I love Walter Williams also. He writes some good stuff.


----------



## Semper Fidelis (Dec 21, 2007)

Very witty and intelligent. I always enjoy him on the rare occasion I listen to the Rush Limbaugh show and he's the guest.


----------



## DMcFadden (Dec 21, 2007)

fredtgreco said:


> Williams is fabulous! I remember reading his books from the Conservative Book Club in the mid-80s.
> Were you around then, Jacob?
> 
> Just kidding!



Are you serious? I have socks older than Jacob!


----------



## RamistThomist (Dec 21, 2007)

DMcFadden said:


> fredtgreco said:
> 
> 
> > Williams is fabulous! I remember reading his books from the Conservative Book Club in the mid-80s.
> ...



That's at least 25 years old, for those who are wondering.


----------



## Pilgrim (Dec 21, 2007)

SemperFideles said:


> Very witty and intelligent. I always enjoy him on the rare occasion I listen to the Rush Limbaugh show and he's the guest.
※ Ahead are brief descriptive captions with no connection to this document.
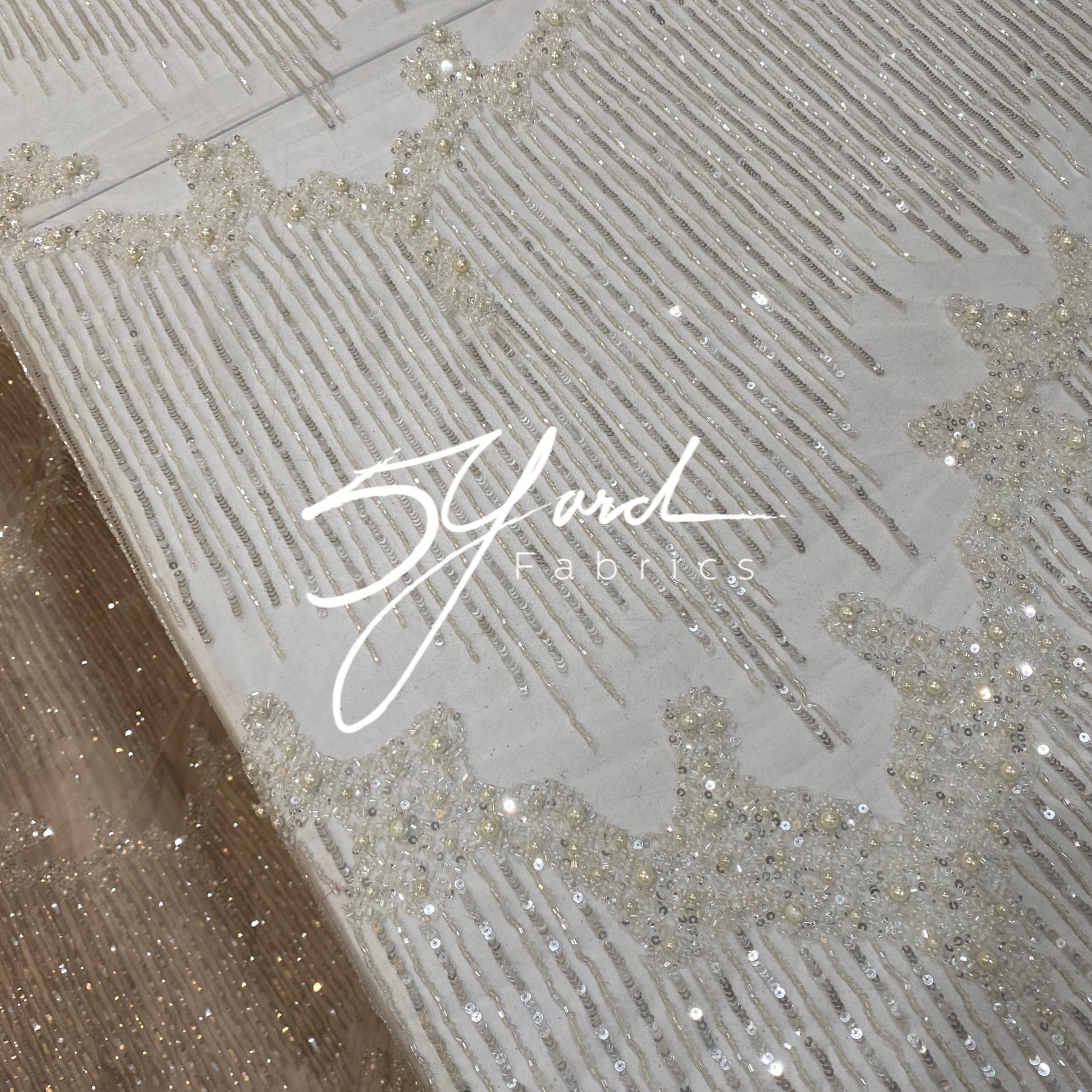 The Pearl Beaded Fabric 5yardfabrics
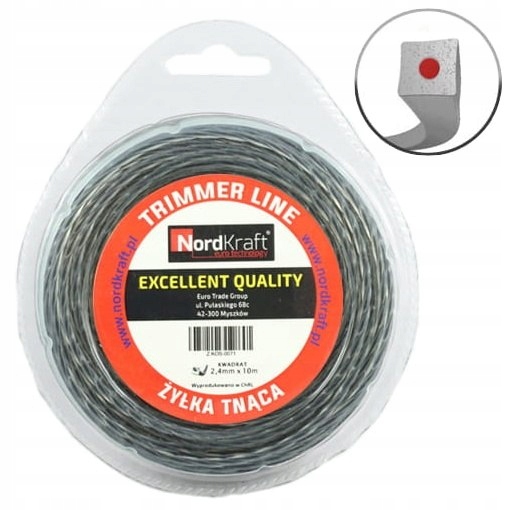 

Żyłka Tnąca Kosy 2.4mm 10m Kwadrat Dual-cut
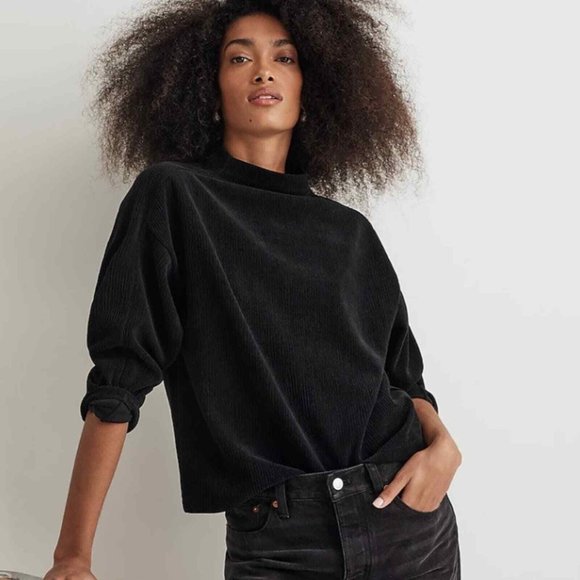 87 NWT MADEWELL Striped Jacquard Funnelneck Top Small - Picture 1 of 7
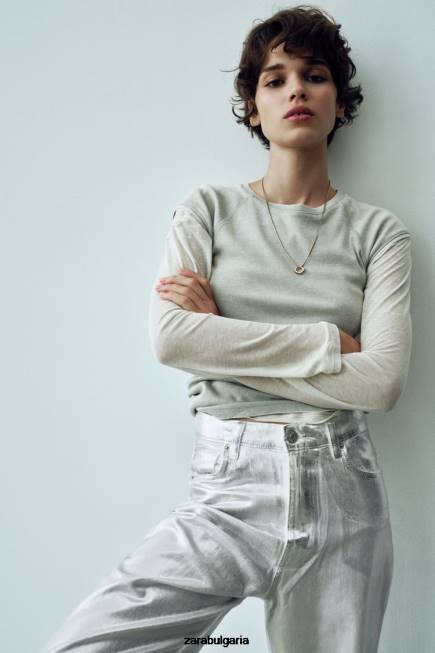 Zara облекло 66FT520 Жени trf метални дънки с висока талия бяло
In the early 1990's he was probably the main fill in for Rush. I always enjoyed listening to him, and he still occasionally fills in.


----------



## PuritanCovenanter (Dec 22, 2007)

DMcFadden said:


> fredtgreco said:
> 
> 
> > Williams is fabulous! I remember reading his books from the Conservative Book Club in the mid-80s.
> ...


 but who cares?

Man, Introduce me to your Dryer, Darner, and all around cloths washer. My kids find my socks and wear holes in them during one wearing. If they don't trash my socks the dryer casts one of two into the black hole of dryers. I am always buying socks.  I don't think I have a pair that is older than six months old.


----------